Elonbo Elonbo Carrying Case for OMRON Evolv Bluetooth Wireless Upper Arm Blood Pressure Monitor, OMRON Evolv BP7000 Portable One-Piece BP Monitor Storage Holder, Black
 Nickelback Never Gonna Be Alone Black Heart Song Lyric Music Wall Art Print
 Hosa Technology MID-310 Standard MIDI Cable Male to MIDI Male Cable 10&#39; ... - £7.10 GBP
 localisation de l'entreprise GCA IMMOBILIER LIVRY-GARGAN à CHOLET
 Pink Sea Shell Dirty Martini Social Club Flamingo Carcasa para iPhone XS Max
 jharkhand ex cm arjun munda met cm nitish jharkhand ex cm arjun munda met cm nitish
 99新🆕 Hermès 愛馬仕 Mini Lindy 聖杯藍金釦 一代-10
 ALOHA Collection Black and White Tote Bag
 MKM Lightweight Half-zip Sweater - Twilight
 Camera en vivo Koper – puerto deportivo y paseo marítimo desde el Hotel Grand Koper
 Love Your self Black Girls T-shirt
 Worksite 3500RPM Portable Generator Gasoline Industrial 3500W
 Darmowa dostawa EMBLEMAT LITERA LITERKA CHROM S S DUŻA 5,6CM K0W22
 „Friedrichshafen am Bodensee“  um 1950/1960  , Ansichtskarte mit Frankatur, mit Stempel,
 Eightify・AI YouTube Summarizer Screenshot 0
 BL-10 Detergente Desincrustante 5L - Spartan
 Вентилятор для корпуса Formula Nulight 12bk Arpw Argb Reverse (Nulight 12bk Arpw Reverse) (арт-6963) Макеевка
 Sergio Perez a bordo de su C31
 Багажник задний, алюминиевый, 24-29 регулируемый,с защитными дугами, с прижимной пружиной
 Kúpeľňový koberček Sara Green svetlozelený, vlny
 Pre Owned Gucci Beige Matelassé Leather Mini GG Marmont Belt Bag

*Task instructions*
Please set down exactly the lines running from the one with "Багажник задний, алюминиевый, 24-29" to the last line of the entries above, both of them included, and no others.

*Solution to the exercise*
 Багажник задний, алюминиевый, 24-29 регулируемый,с защитными дугами, с прижимной пружиной
 Kúpeľňový koberček Sara Green svetlozelený, vlny
 Pre Owned Gucci Beige Matelassé Leather Mini GG Marmont Belt Bag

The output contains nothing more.